4.         Was the young man as shy as he seemed to be?
Firstly, he was shy.”He seemed shy, much shyer than he had seemed over the telephone “ .But then he wasn’t.

5.         How did he show his admiration for Julia?
He phoned her and offered her tea with a biscuit. Then he began to kiss her. “He put his arm round her waist and kissed her full on the lips. No woman was ever more surprised in her life. She was so taken aback that she never thought of doing anything. His lips were soft and there was a perfume of youth about him which was really rather delightful.” He was emphatically (настойчтв).

6.         What feelings did Julia experience after the date with the young man? How did she act after that? How old was Julia at that time? What's your opinion of Julia's behaviour?
She was extremely happy, it was a new adventure for her. Her eyes shone brightly and wonderfully. "I feel like a two-year-old.“
“Julia acted as though it was the first time. Her performance was brilliant. She got laughs that she had never got before. She always had magnetism, but on this occasion it seemed to flow over the house in a great radiance." She was 40 year old.
Your surrounding always reflects on you. She can’t refuse to Tom. She remembered her previous life and how happy she was. Her husband didn’t give her that passion and love that Tom gave. But she is older him and it is wrong to my mind to have an affair with him.

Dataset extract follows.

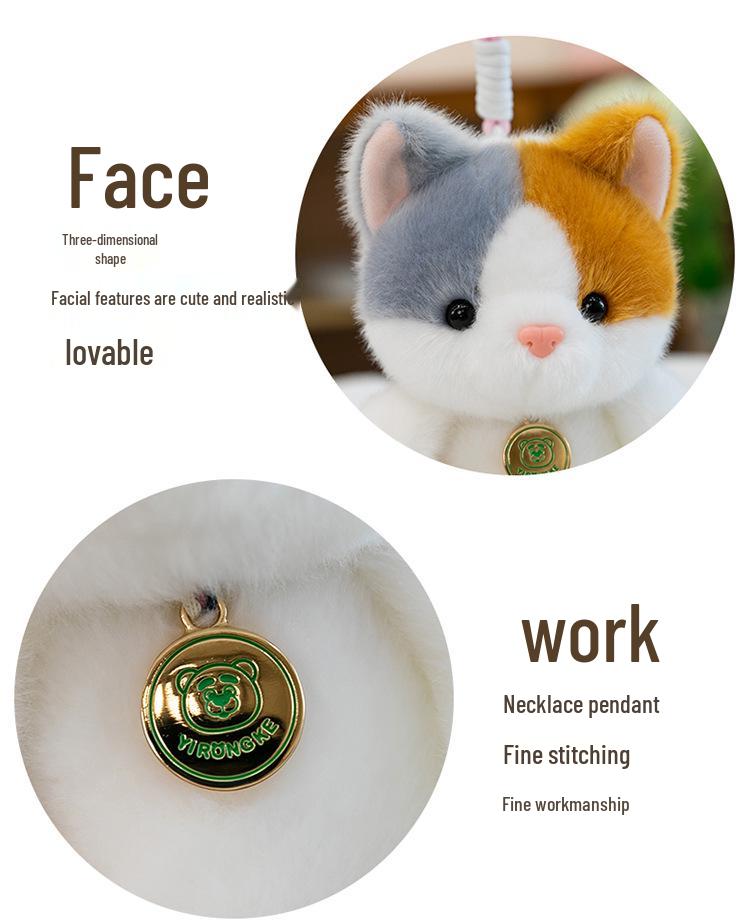 Adorable Teddy Bear & Bunny Plush Keychain for Kids – Perfect Schoolbag Charm & Gift for Girls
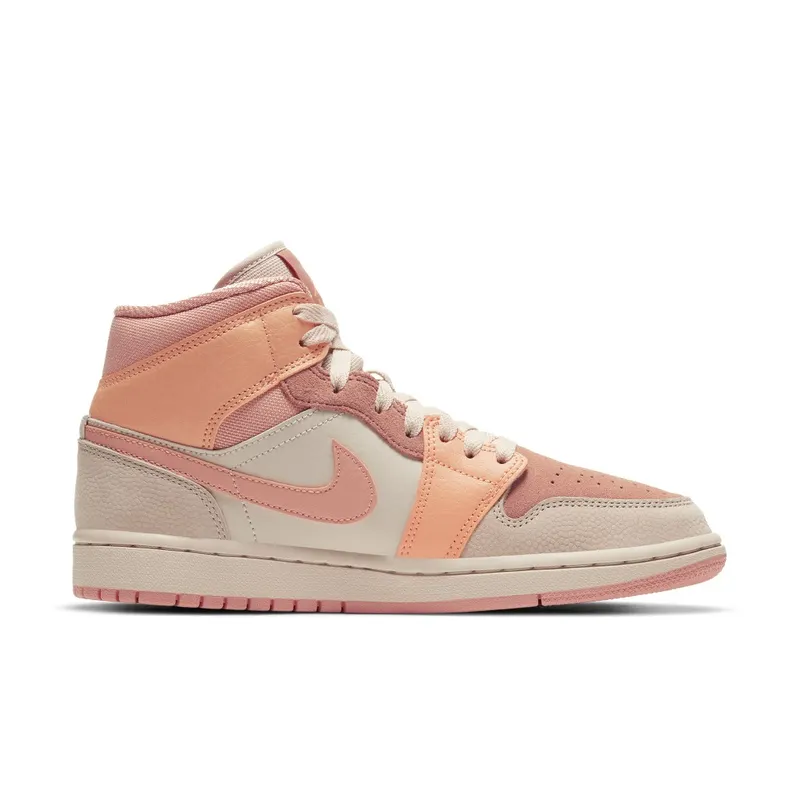 Air Jordan 1 Mid Apricot Orange (DH4270-800)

7.         Describe the episode of Julia's adventure on the train to Cannes. What was Julia's attitude towards this accident? Give quotations from the text and comment on them. What do you think of this adventure?
The trains south were so crowded that she had not been able to get a sleeper. One man, Spaniard, offers her his place. She agreed. They had a conversation, but that man didn’t want to leave her. When they began to say goodbye, the man kissed Julie and they had an affair. She didn’t want to sleep with him. But his beard attracted her.
-"He can hardly expect me to ask him to come and sleep in here," Julia said to herself. "I'm beginning to think this was all a put-up job. Nothing doing, my lad." And then aloud. "Romantic, of course, but uncomfortable."   Her thoughts are right at first. She understands how she mustn’t act. But her actions are so different from her thoughts. She yielded to temptation.
-"If you think that because you've given up your compartment to me I'm going to let you sleep with me, you're mistaken."
"Just as you say, of course. But why not?"
"I'm not that sort of terribly attractive woman."
"What sort of woman are you then?"
"A faithful wife and a devoted mother."
He gave a little sigh.
"Very well. Then I'll say good night to you."  She quietly told about the man’s wish, she understood that many men wanted her. But she couldn’t think that she could sleep with a stranger.
"But as time passed Julia's indignation was mitigated, and she had often thought of the adventure since with a good deal of pleasure. After all it had been fun.”  She perceived all this as an adventure. As she didn’t make something terrible. On the one hand, she had the right because her husband didn’t give her passion. He loved only himself. On the other hand, she is married. She must save her condition. I think she was wrong. It isn’t proper to sleep with a stranger, especially she is married. Moreover, she thought bad about such women, but anyway slept with that man.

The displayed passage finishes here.